AS predictions with evidence of (A) a common CP-NP differentiation or (B) a CP-specific expression pattern, relative to undifferentiated hESCs. Adjacent to each heatmap are alternative exons, ranked according to the ANOVA false-discovery rate (FDR) p value. Next to this p value, are the SI fold changes reported by AltAnalyze (negative values indicate increased alternative exon expression in CPs and vice versa). Gene names in blue have prior evidence of AS during hESC differentiation; genes in red have prior evidence of AS during cardiac differentiation. Genes associated with GO terms and WikiPathways are graphed that are overrepresented in genes with a (C) common CP-NP or (D) CP-specific AS pattern.
Figure 5.
Genes with confirmed AS events have distinct domain-level changes.
RT-PCR results for a panel of predicted CP differentiation-splicing events with both a common CP-NP differentiation and CP-specific ANOVA pattern. Genes are categorized based on predicted domain/motif changes: truncation, disruption, modification, exchange or no associated predictions. The higher band in each gel image is the longer isoform with exon inclusion (in); the lower band is the shorter isoform with exon exclusion (ex), unless indicated as a constitutive (cs), mutually exclusive (mx), or miRNA (miR)-containing exon.

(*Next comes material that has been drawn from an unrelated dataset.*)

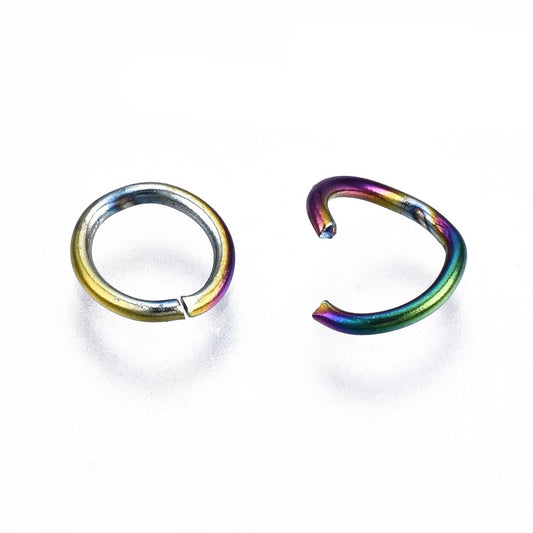 J014 - 100 pcs 304 Stainless Steel Open Jump Rings 6mm - 20 Gauge (0.8mm Thick) - High Quality - Rainbow Plated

Additional confirmed genes are shown in Figures 3 and 7 and are further described in Table 3.
Figure 6.
Comparison of differentiation and tissue AS patterns.

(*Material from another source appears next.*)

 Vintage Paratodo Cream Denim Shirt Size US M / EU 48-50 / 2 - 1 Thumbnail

(A) For the genes KIF13A and CAPZB, log2 expression values for exon aligning probe sets are shown; probe sets are ranked in order of genomic position on the x-axis and expression values are plotted on the y-axis. (B) For both genes, relative exon-inclusion is assessed for CP and NP differentiation conditions and 11 adult tissue conditions by plotting the mean constitutive gene expression (y-axis) against the expression of the interrogated alternative exon (x-axis). Each diamond represents a distinct tissue. For KIF13A, exon 41 (E41) is most highly expressed in the hESC lines (H9 and Cythera), suggesting E41 inclusion is greatest in hESCs. For CAPZB, exon 12 (E12) is most highly expressed in muscle (CP, heart and muscle). H9 = REX+ hESC, Cy = Cythera hESCs, Mus = muscle, Hrt = heart.
Table 3.
AltAnalyze functional predictions for confirmed CP differentiation AS events.
Figure 7.
Both miRNAs and miRNA binding sites are regulated with hESC differentiation.

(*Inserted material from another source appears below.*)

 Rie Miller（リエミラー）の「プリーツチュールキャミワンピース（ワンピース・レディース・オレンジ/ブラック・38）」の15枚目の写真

(A) Expression profiles of two previously characterized miRNAs, mir-302a and mir-133-1, from combined tissue/cell-line gene expression data. (B) RT-PCR isoform expression of genes with putative miRNA binding sites within the regulated probe set. The presence of one or more putative miRNAs is indicated by the notation miR. (C–E) The 3′ region of genes corresponding to three genes are shown, where the regulated isoforms are displayed from the UCSC genome browser along with regulated probe sets and putative miRNA binding site locations. Exons are indicated by thin boxes, UTR regions by thinner boxes and introns by a line with overlapping arrows. Each gene (MAFB, SEPT6, and CDC42) represents distinct possible modes of exon regulation that lead to altered miRNA binding site inclusion: shorter 3′UTR, alternate cassette exon inclusion, and alternate C-terminal exon. Both MAFB and SETP6 are on the reverse genomic strand, where orientation is 3′ to 5′. The term ”multiple algorithms” indicates that two or more miRNA binding site prediction algorithms (PicTar, miRanda, miRbase or TargetScan) predicted a binding site in aligning probe sets.